◆ Brief:
Repeat every entry exactly. Pictures stay out.

Image-text web data
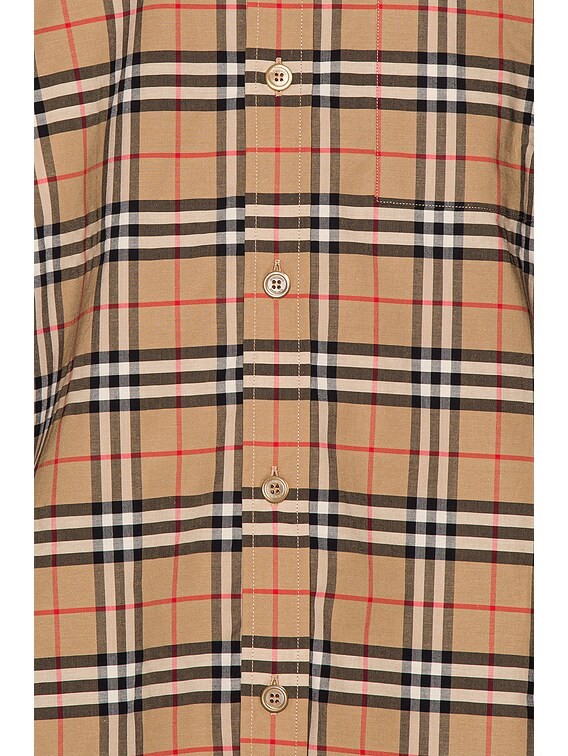 Small Scale Stretch Check Shirt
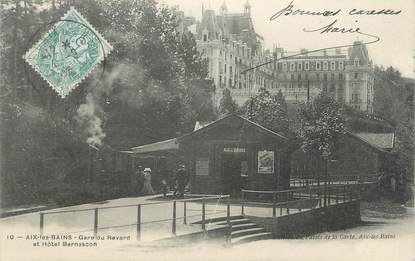 CPA FRANCE 73 " Le Mont Revard, La gare et l'Hôtel Bernascon'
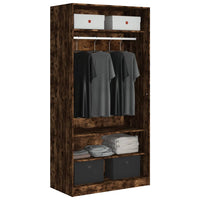 Thumbnail for Kleiderschrank Räuchereiche 100x50x200 cm Holzwerkstoff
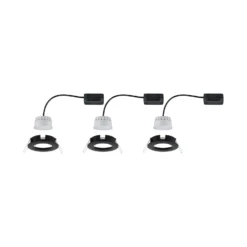 Paulmann Nova Coin 3x rund 3Stepdim starr schwarz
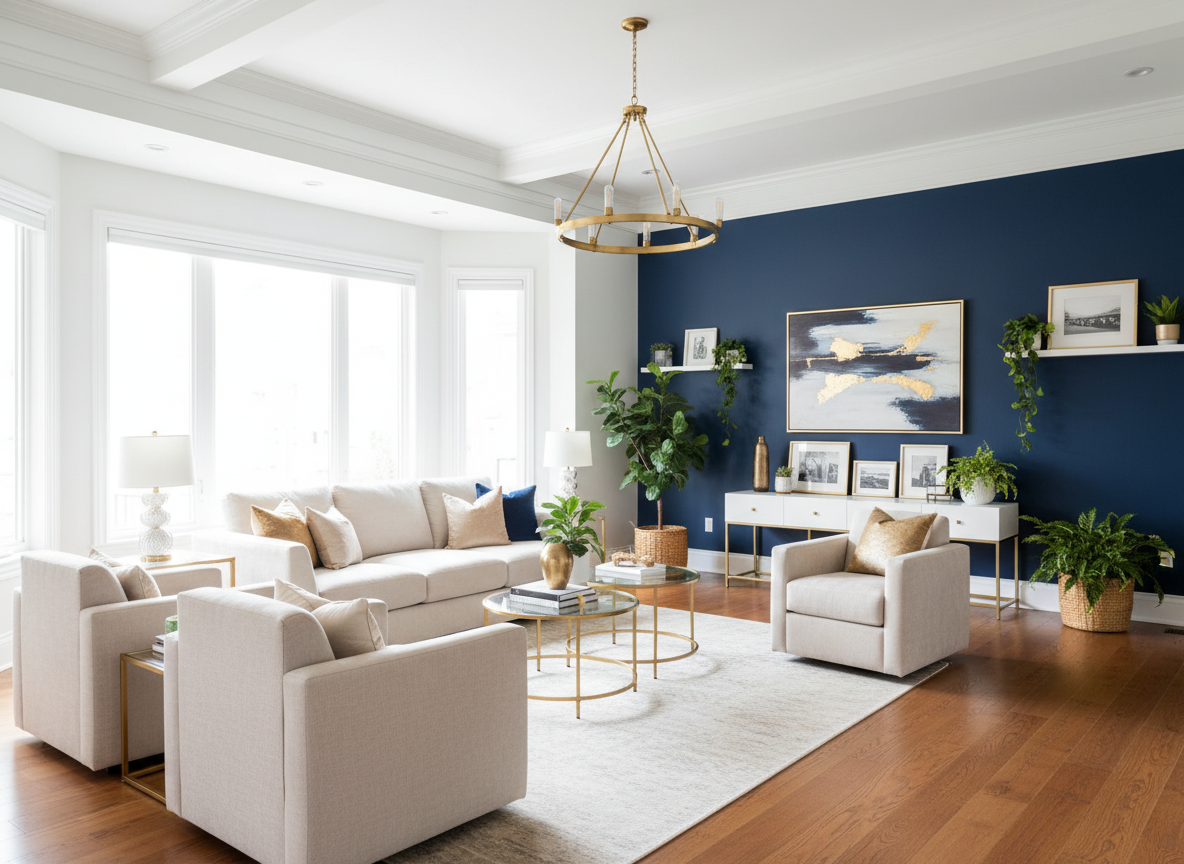 Luxurious interior painting by TEI Painters, Niagara Region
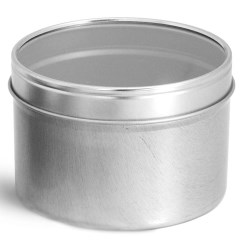 16 oz Metal Tins w/ Clear View Tops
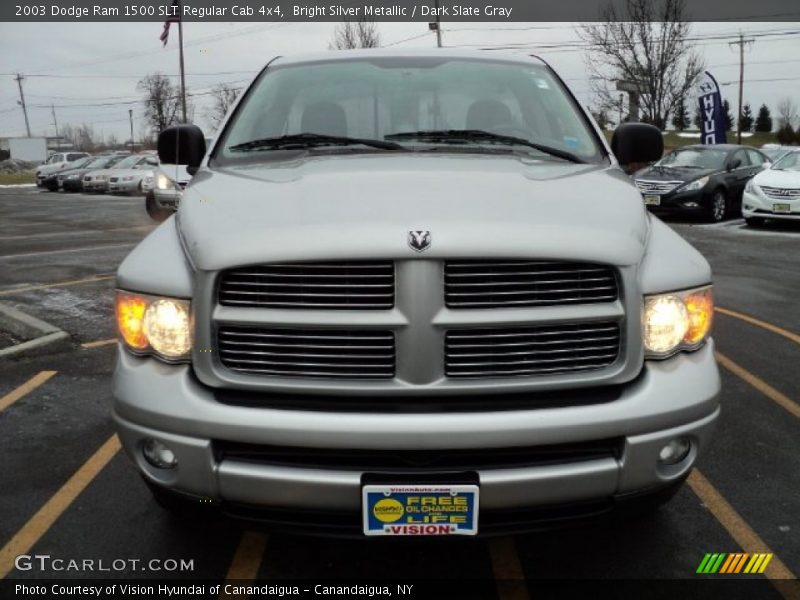 Bright Silver Metallic / Dark Slate Gray 2003 Dodge Ram 1500 SLT Regular Cab 4x4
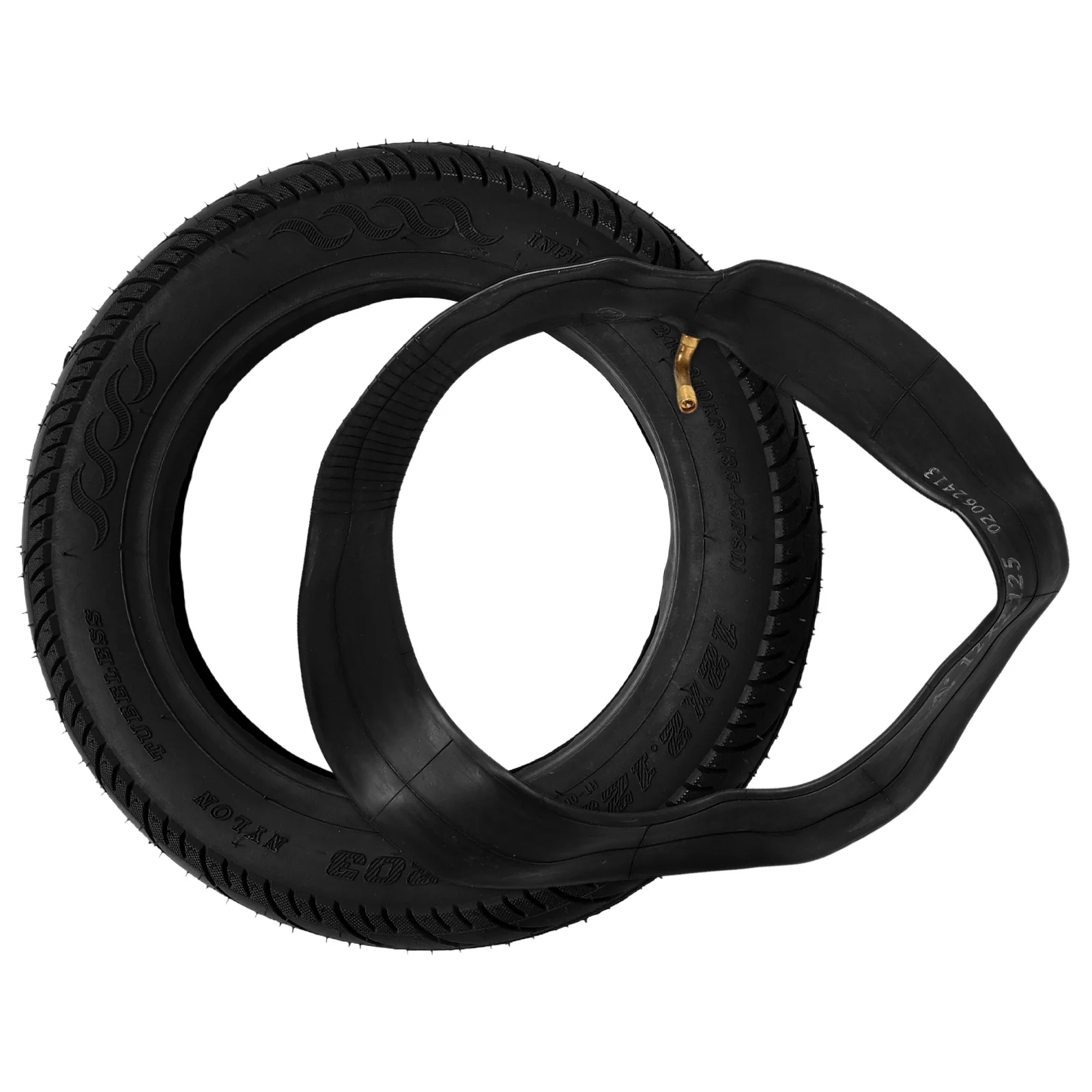 

1 Set Electric Scooter Tire Inner Tube Replacement Heavy Duty Rubber Anti-Burst For Mini Bike Lawn Mower Micro Tiller Quiet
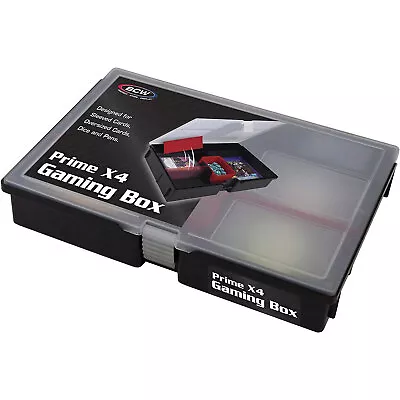 Trading Card Supplies - BCW PRIME X4 GAMING BOX (Holds 240 Sleeved Cards Dice+) • $13.89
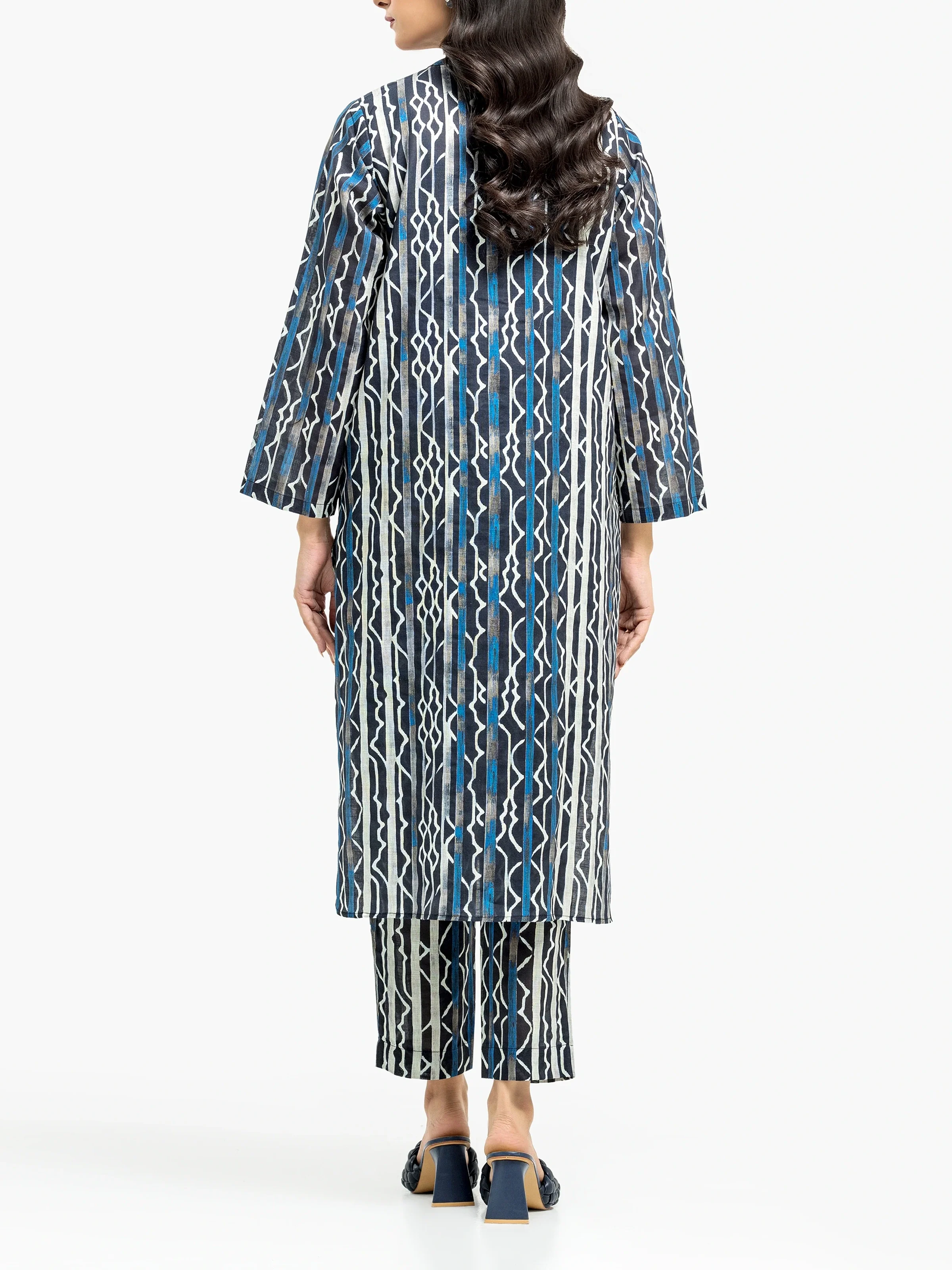 Printed Khaddar Co-Ord Set - EWTKP24-81506ST - Image 5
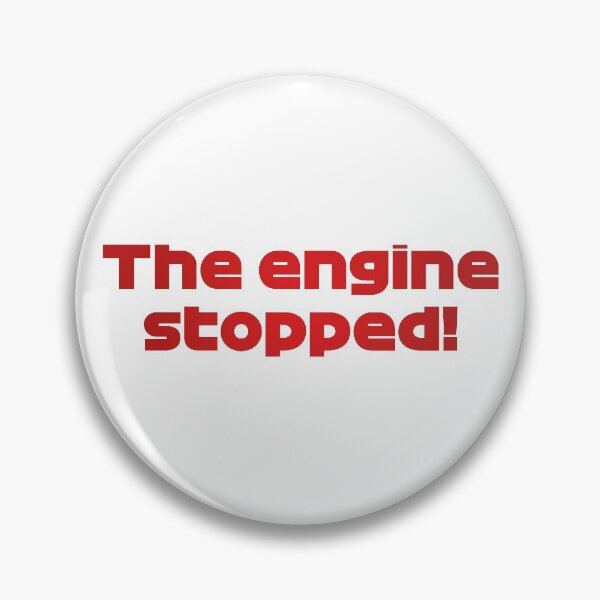Item preview, Engine Stopped - LEC. Radio Voice British GP 2021 (Red) designed and sold by FilipeFerreira.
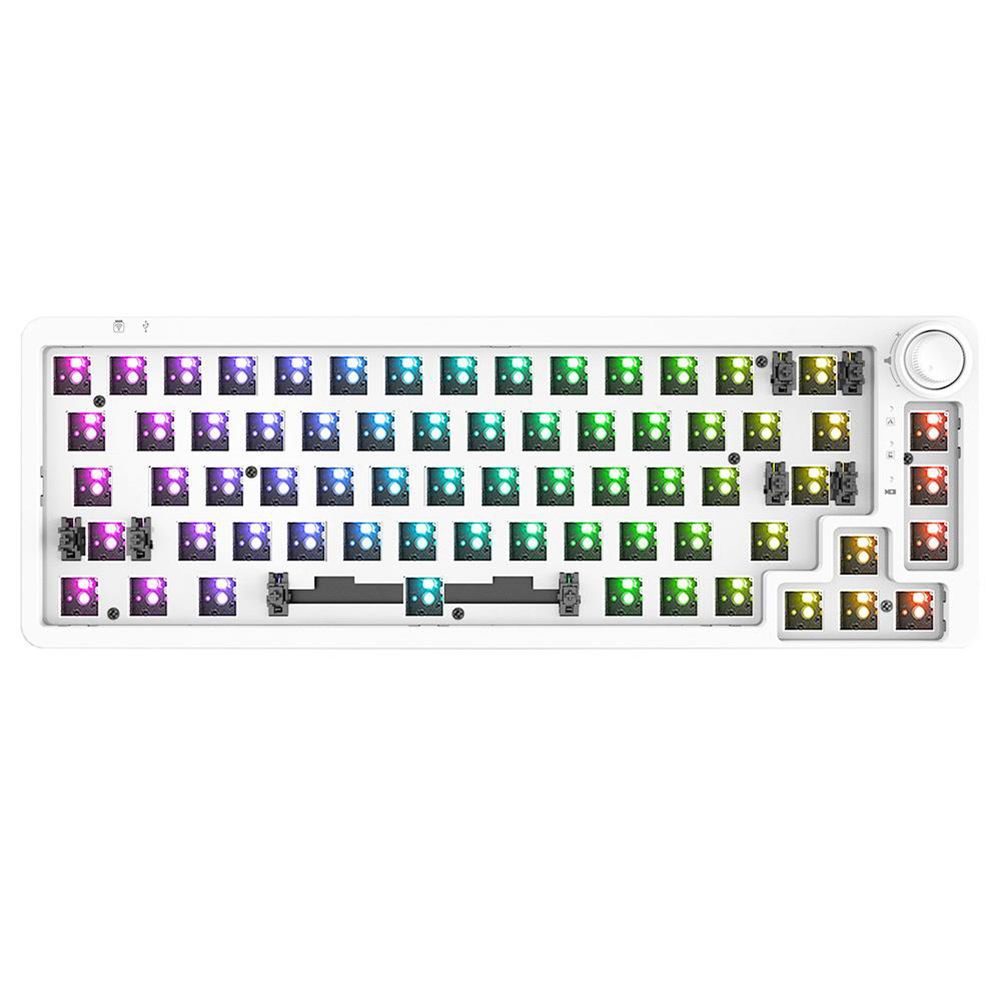 Switch Knob Hot Swap Mechanical Keyboard Kit Wireless Bluetooth 3 Mode RGB Backlit Gamer 60% Keyboard For 3Pin/5Pin-USB/2.4G
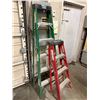 Image 1 : 2 Pc - Fiberglass ladders - (4' & 6')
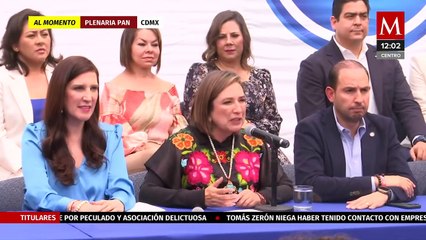 Xóchitl Gálvez da mensaje en sesión plenaria del PAN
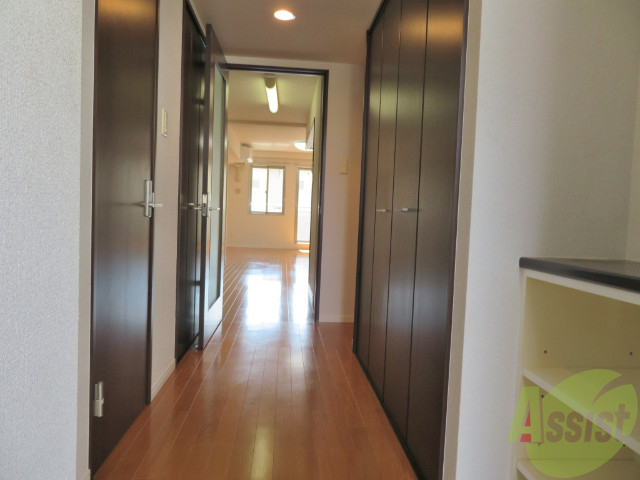 玄関　玄関から見たお部屋です。奥行で広さ伝わりますでしょうか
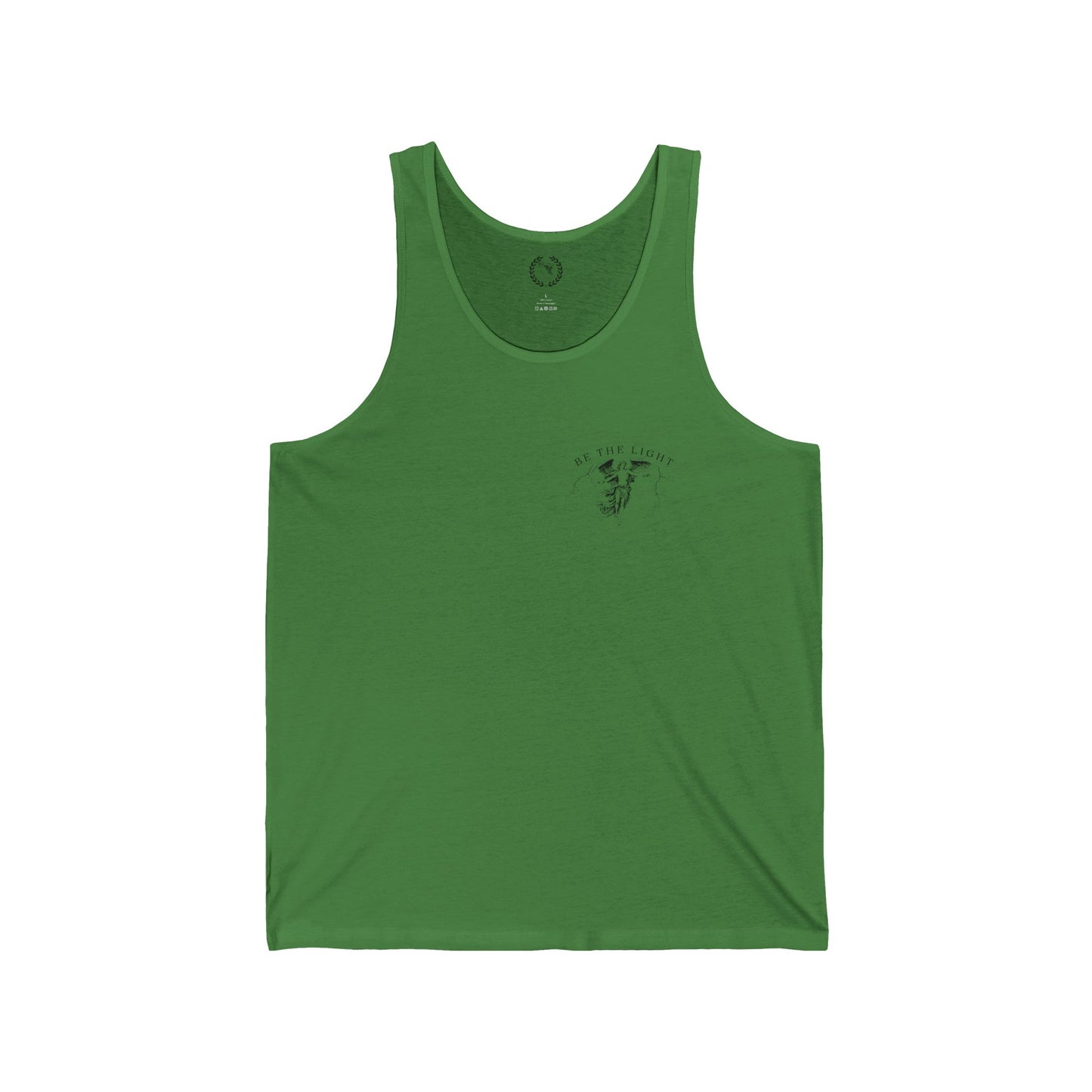 Be the Light Unisex Jersey Tank - Inspirational Summer Wear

◆ Exercise answer:
 Small Scale Stretch Check Shirt
 CPA FRANCE 73 " Le Mont Revard, La gare et l'Hôtel Bernascon'
 Thumbnail for Kleiderschrank Räuchereiche 100x50x200 cm Holzwerkstoff
 Paulmann Nova Coin 3x rund 3Stepdim starr schwarz
 Luxurious interior painting by TEI Painters, Niagara Region
 16 oz Metal Tins w/ Clear View Tops
 Bright Silver Metallic / Dark Slate Gray 2003 Dodge Ram 1500 SLT Regular Cab 4x4

1 Set Electric Scooter Tire Inner Tube Replacement Heavy Duty Rubber Anti-Burst For Mini Bike Lawn Mower Micro Tiller Quiet
 Trading Card Supplies - BCW PRIME X4 GAMING BOX (Holds 240 Sleeved Cards Dice+) • $13.89
 Printed Khaddar Co-Ord Set - EWTKP24-81506ST - Image 5
Item preview, Engine Stopped - LEC. Radio Voice British GP 2021 (Red) designed and sold by FilipeFerreira.
 Switch Knob Hot Swap Mechanical Keyboard Kit Wireless Bluetooth 3 Mode RGB Backlit Gamer 60% Keyboard For 3Pin/5Pin-USB/2.4G
 Image 1 : 2 Pc - Fiberglass ladders - (4' & 6')
 Xóchitl Gálvez da mensaje en sesión plenaria del PAN
 玄関　玄関から見たお部屋です。奥行で広さ伝わりますでしょうか
 Be the Light Unisex Jersey Tank - Inspirational Summer Wear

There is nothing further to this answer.